WHAT YOU HAVE TO DO =>
Repeat nothing but the lines below running from the one containing "Pile of green" to the one containing "入団会見でポーズを決める浜田（撮影・山口登）". Keep both end lines.

DATA PROVIDED =>
———

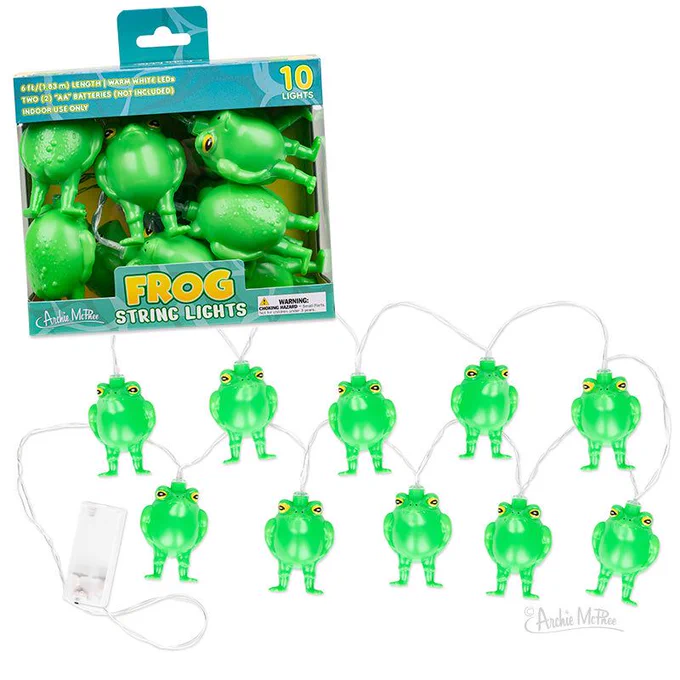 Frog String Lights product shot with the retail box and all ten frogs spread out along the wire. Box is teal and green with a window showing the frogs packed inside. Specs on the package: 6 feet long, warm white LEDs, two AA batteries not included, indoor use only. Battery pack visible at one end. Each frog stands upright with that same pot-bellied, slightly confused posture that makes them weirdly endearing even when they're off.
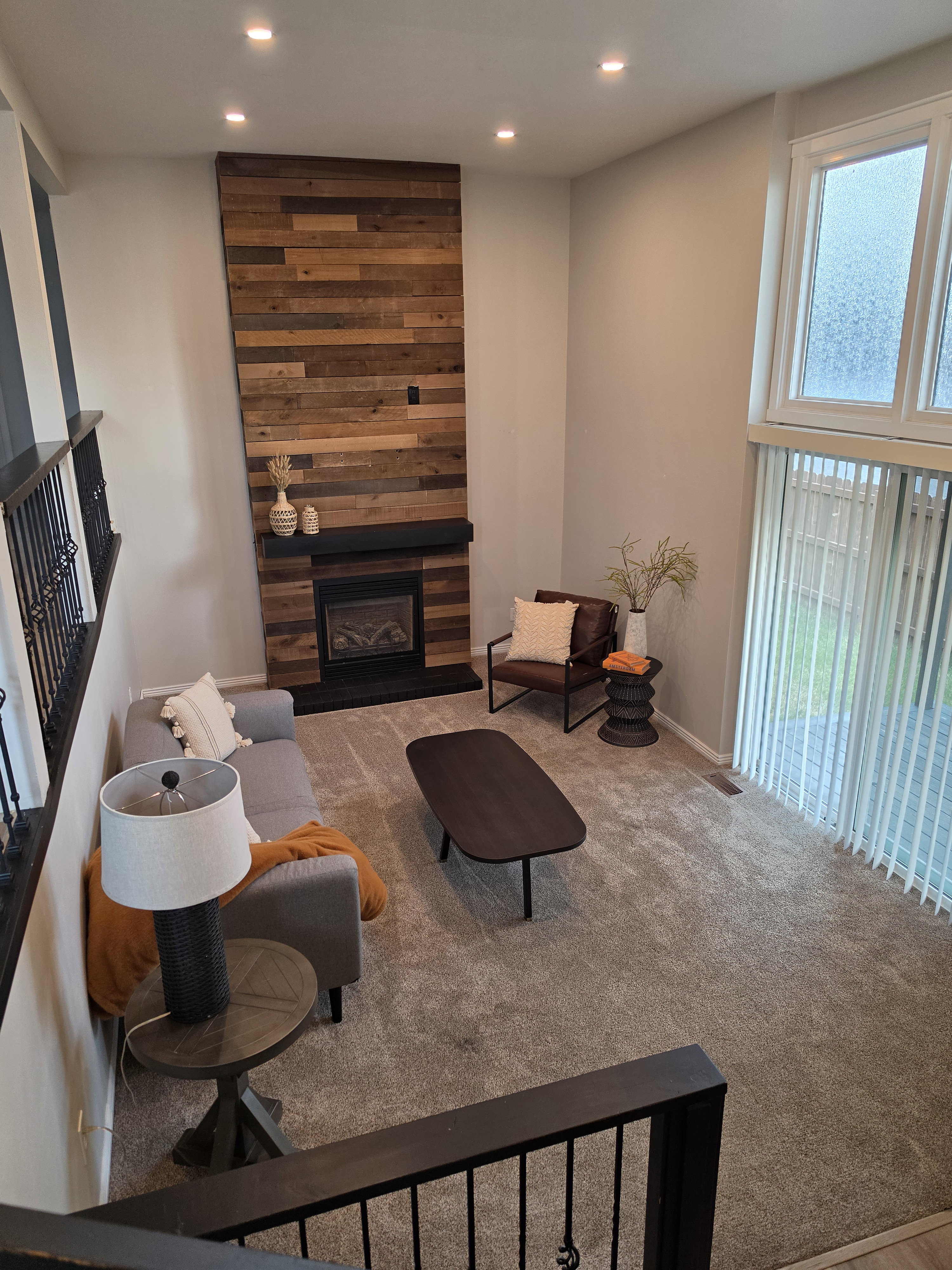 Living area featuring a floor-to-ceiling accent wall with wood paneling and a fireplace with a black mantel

———

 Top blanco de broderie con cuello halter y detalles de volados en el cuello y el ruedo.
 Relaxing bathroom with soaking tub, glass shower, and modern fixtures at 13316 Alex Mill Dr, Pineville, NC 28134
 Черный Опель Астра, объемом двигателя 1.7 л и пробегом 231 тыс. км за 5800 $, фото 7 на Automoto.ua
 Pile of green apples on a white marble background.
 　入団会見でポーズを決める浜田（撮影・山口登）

———

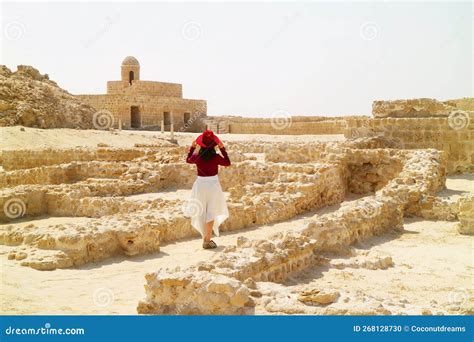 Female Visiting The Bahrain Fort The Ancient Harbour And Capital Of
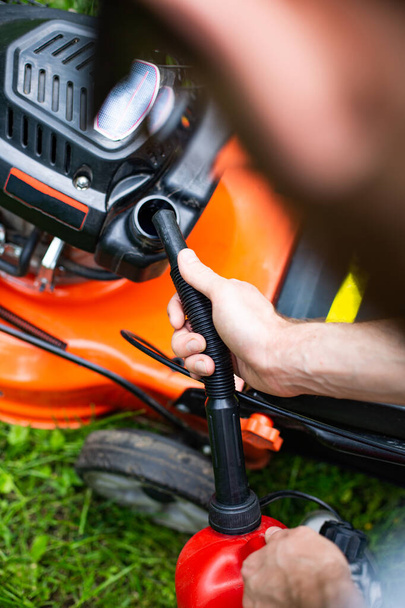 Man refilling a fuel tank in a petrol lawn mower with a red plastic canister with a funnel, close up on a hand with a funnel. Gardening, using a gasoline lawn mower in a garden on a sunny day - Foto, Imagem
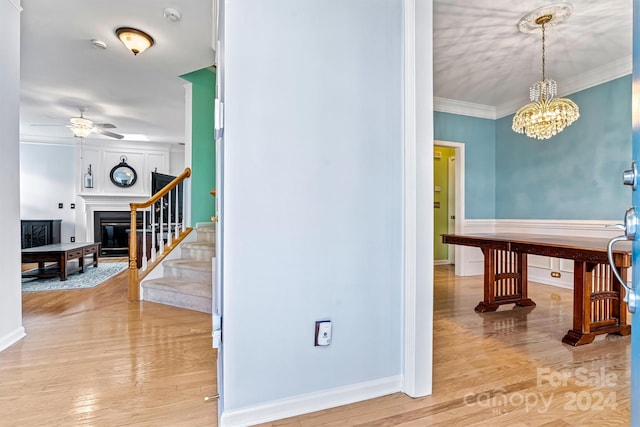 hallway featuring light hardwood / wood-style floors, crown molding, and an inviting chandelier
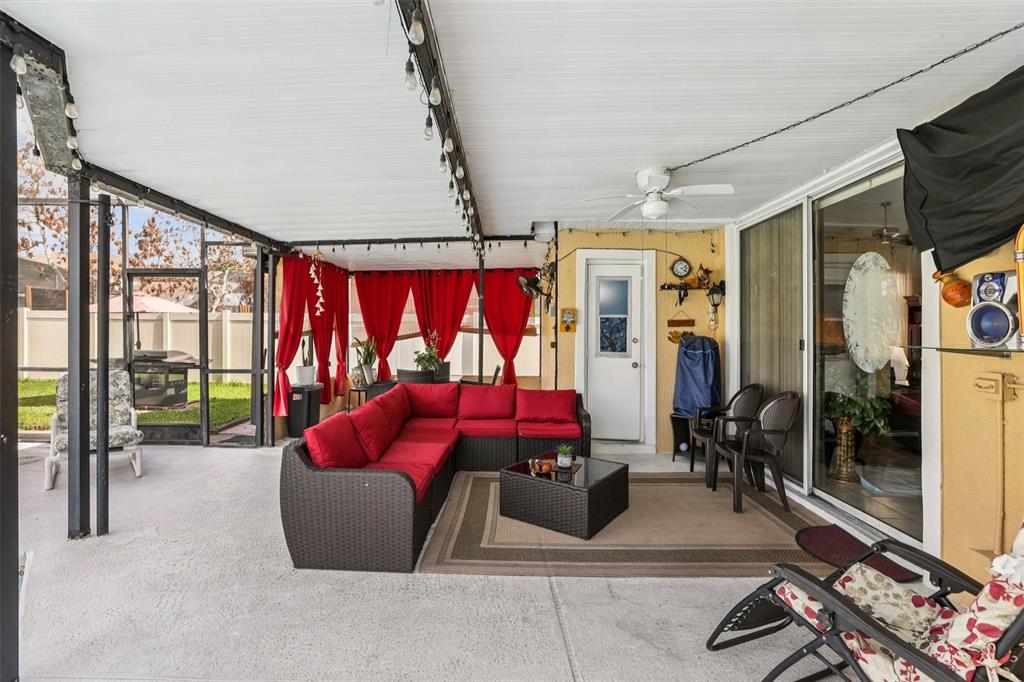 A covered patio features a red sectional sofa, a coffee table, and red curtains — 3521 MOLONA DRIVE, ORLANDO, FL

———

TASK RESPONSE =>
 Pile of green apples on a white marble background.
 　入団会見でポーズを決める浜田（撮影・山口登）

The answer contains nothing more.